Task requirements — Further down are entries; set down exactly and only the lines from the one with "В Лобне провели" up to and including the one with "Kirklands Home Round", dropping each picture.

Provided material —
________
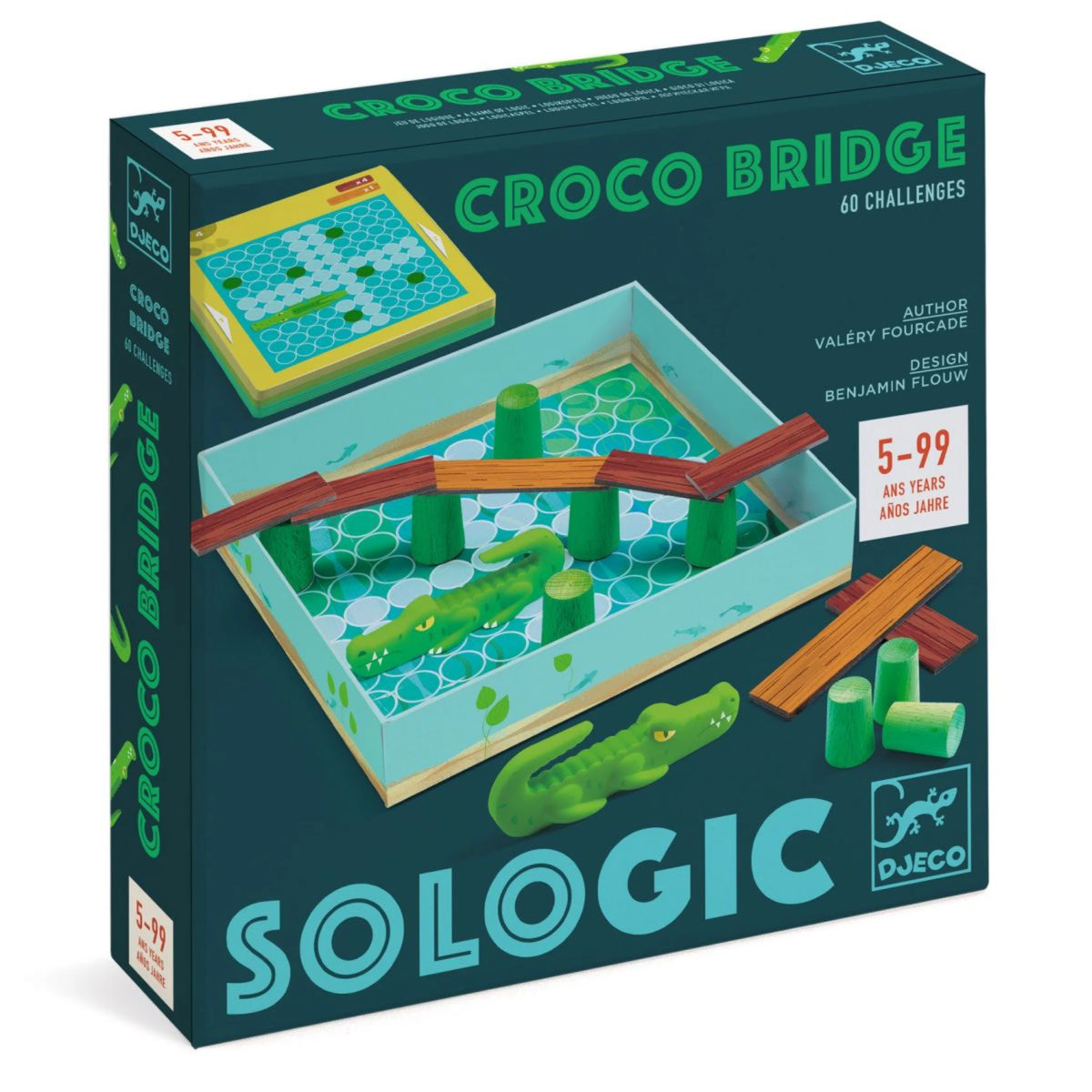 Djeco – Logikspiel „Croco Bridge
________
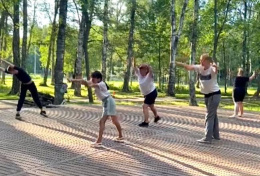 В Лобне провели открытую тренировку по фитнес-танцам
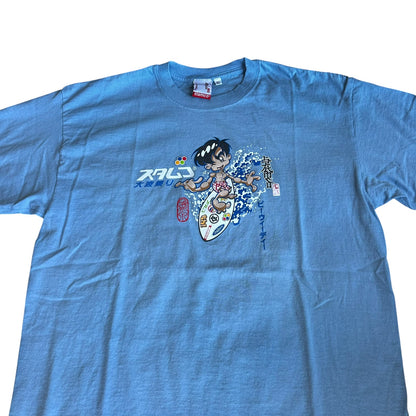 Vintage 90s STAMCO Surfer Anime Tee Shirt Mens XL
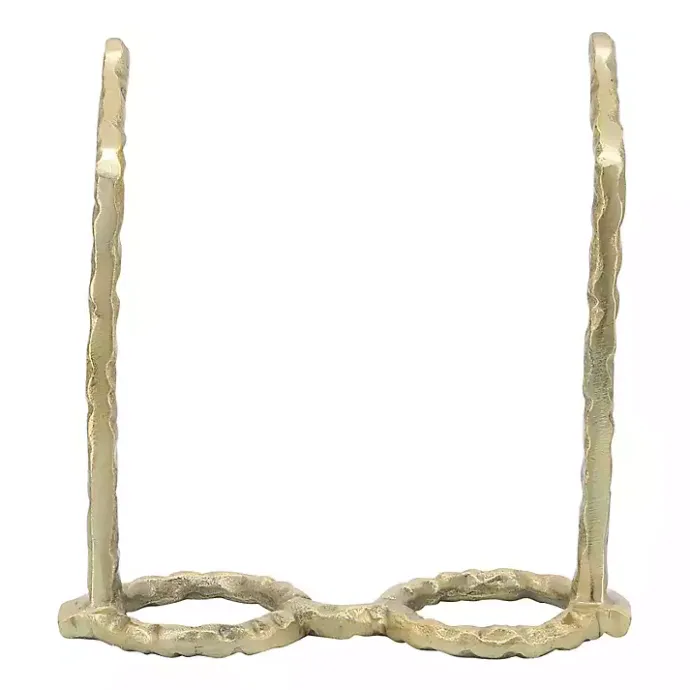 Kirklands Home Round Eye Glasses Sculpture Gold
________
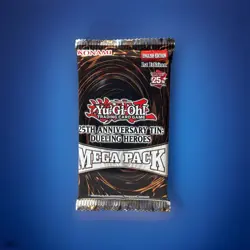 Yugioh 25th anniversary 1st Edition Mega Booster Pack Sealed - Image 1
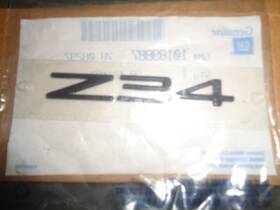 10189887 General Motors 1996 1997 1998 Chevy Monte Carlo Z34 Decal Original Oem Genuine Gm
________
Answer space —
 В Лобне провели открытую тренировку по фитнес-танцам
 Vintage 90s STAMCO Surfer Anime Tee Shirt Mens XL
 Kirklands Home Round Eye Glasses Sculpture Gold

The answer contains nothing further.